Sprudelnde Steuereinnahmen verzeichnen die Verantwortlichen im Bergisch Gladbacher Rathaus. Doch so richtig kann sich darüber niemand freuen.

Bergisch Gladbach – Die Kosten für die Unterbringung und Betreuung von Flüchtlingen sind aus dem Ruder gelaufen. Die Ausgaben haben sich verdoppelt: Sie belaufen sich auf 32 Millionen Euro, 15 Millionen mehr als im November 2015 kalkuliert. Nur ein unerwarteter Glücksfall rettet Bergisch Gladbach aus der finanziellen Misere: Die Stadt bekommt 13 bis 15 Millionen Euro mehr an Gewerbesteuer, als bei der Planung des Haushalts abzusehen war – je nachdem, wie hoch die Vorauszahlungen ausfallen.

Der Mann, der die Zahlen nennt, ist Kämmerer Jürgen Mumdey. Den unverhofften Geldsegen verdankt er einigen Firmen – Namen nennt er nicht – die im Jahr 2014 außergewöhnlich gute Geschäfte gemacht haben. Erst jetzt, im ersten Quartal 2016, sind die Steuerzahlungen in Höhe von 13 Millionen Euro fällig geworden. Dazu kommen höhere Vorauszahlungen für 2015 und 2016, die noch nicht genau beziffert werden können „Am Ende des Jahres erzielen wir rund 50 Millionen an Gewerbesteuereinnahmen. Das ist absoluter Rekord.“ Der bisherige Spitzenwert lag bei 42 Millionen Euro.

In anderen Zeiten hätte der unverhoffte Geldsegen der hoch verschuldeten Kommune, die bis zum Jahr 2022 im Haushaltssicherungsverfahren steckt, eine Menge Luft verschafft, zum Beispiel für Sondertilgungen oder lange aufgeschobene Investitionen.

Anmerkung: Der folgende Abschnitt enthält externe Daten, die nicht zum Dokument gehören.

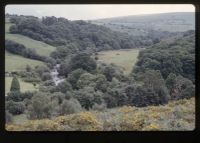 West Dart at Dartmeet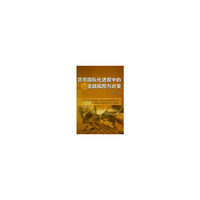 货币国际化进程中的金融风险与对策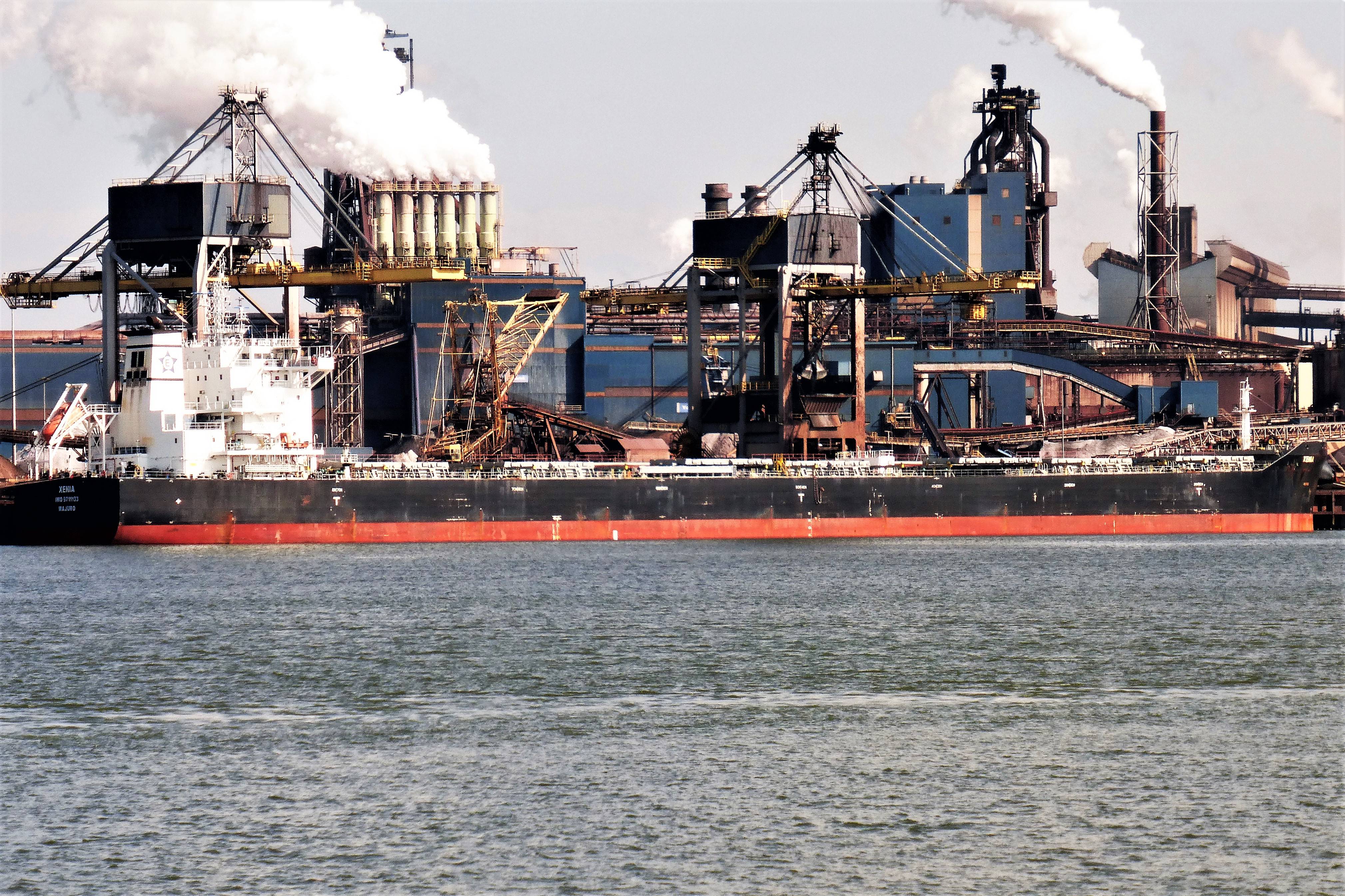 XENIA 
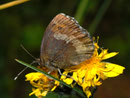 Erebia euryale adyte (Weibchen) / CH VS Turtmanntal 1980 m, 14. 07. 2010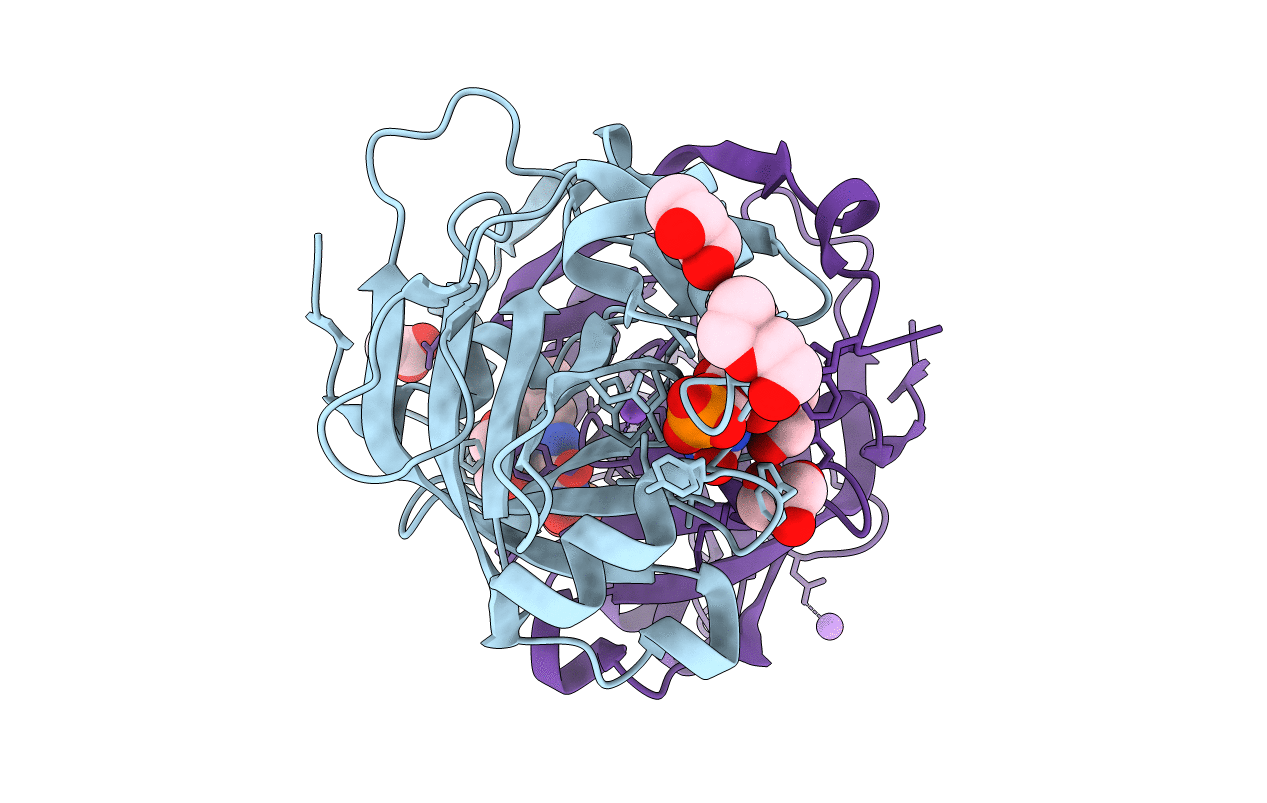 3E4V image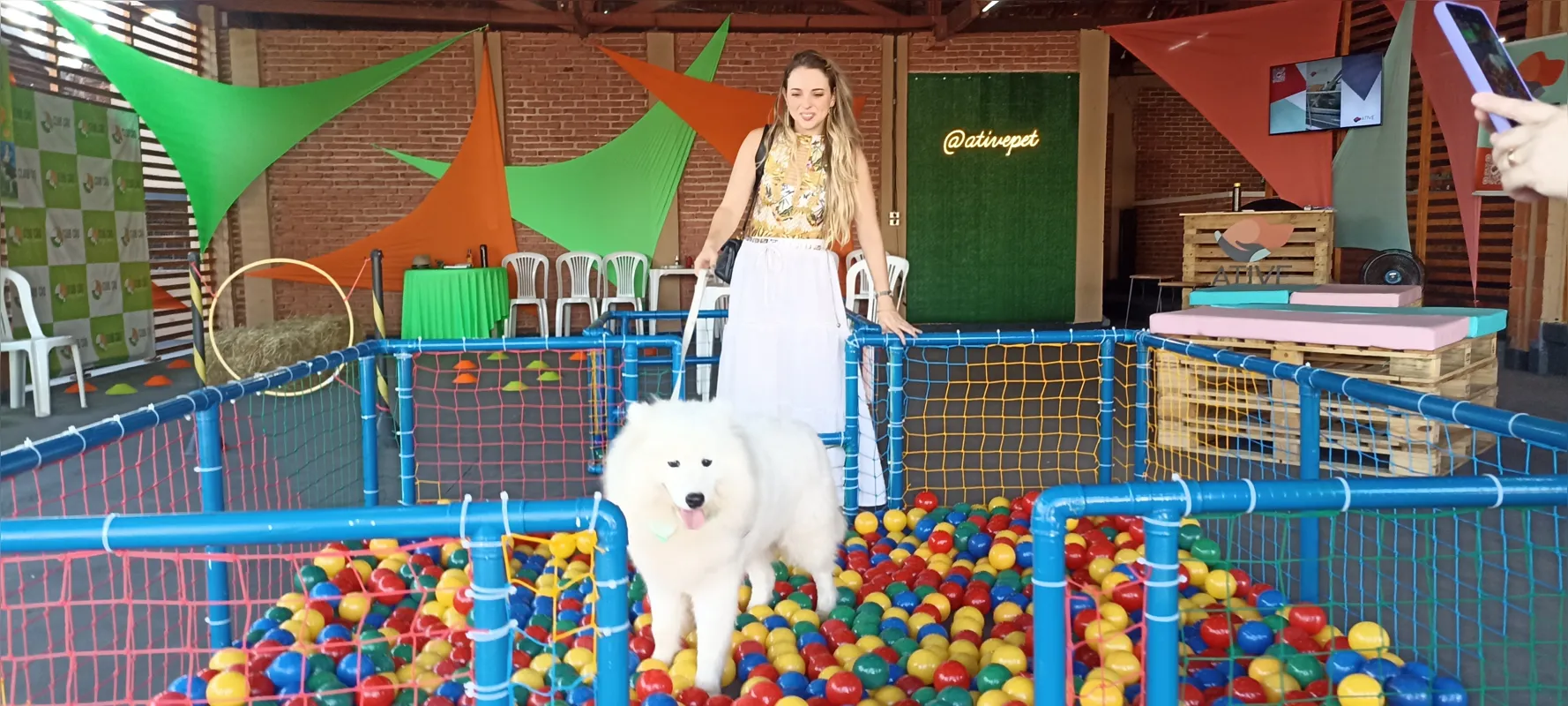 O cachorro Snow, de Isabela Rebello, se diverte na piscina de bolinhas na 1ª Expo Pet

Mehreinnahmen retten vor Zahlstopp

Doch jetzt sind die Flüchtlinge da: Zurzeit sind es rund 1600. So rettet die hohe zusätzliche Gewerbesteuereinnahme die Kreisstadt vor der Haushaltssperre, ein Zahlstopp für alle Ausgaben, die nicht nötig sind.

Dass die Ausgaben für die Unterbringung und Betreuung der Asylsuchenden so explosionsartig ansteigen würden, damit hat Mumdey nicht gerechnet, als er im November 2015 den Haushalt aufstellte: Container, Betten, Matratzen kaufen, Sicherheitsdienst engagieren, Sozialarbeiter anstellen – 7,5 Millionen Euro müssen mehr ausgegeben werden, wie sich herausstellte. Insgesamt betragen die Ausgaben 32 Millionen Euro „Wir haben hier einen hohen Standard und der ist gut für die Integration“, sagt Beate Schlich, Leiterin des Sozialamtes. Zwar sorge der momentan abnehmende Flüchtlingsstrom für eine kleine finanzielle Entlastung von etwa zwei Millionen Euro. „Aber auch da weiß keiner genau, ob das so bleibt“, warnt Mumdey und fügt in Hinblick auf die hohen Kosten für die Stadt hinzu: „Ohne eine höhere Mitfinanzierung des Landes schaffen wir das nicht.“

Land zahlt nicht alles

Für die Aufnahme von Flüchtlingen bekommen die Kommunen Geld von Bund und Ländern. Wie viel genau, entscheidet jedes Bundesland selbst. Nordrhein-Westfalen zahlt den Kommunen eine Pauschale: pro Jahr und Flüchtling 10 000 Euro, aber auch nur bis zu einer maximalen Anzahl von 1147 Asylsuchenden. Tatsächlich kostet die Stadt ein Flüchtling pro Jahr etwa 15 000 Euro. Auf den zusätzlichen Kosten von etwa 9,7 Millionen Euro bleibt die Stadt bisher sitzen.

Bürgermeister Lutz Urbach hat in den letzten Monaten mehrfach kritisiert, dass die Kommunen in NRW Gelder nicht entsprechend der tatsächlichen Aufnahme erhalten, sondern gemäß des gesetzlichen Verteilungsschlüssels. Eine Umstellung der Kostenerstattung, so dass diese sich nach der tatsächlichen Aufnahme von Flüchtlingen richtet, soll nach den Beschlüssen der Landesregierung erst im Jahr 2017 erfolgen. Überhaupt nicht erfasst sind die langfristigen Kosten. Denn die Kommunen müssen dauerhaft Wohnungen und Sprachkurse anbieten, Arbeits-, Schul- und Kindergartenplätze.Hier entscheidet sich, ob die Flüchtlinge Nachbarn oder Fremde werden.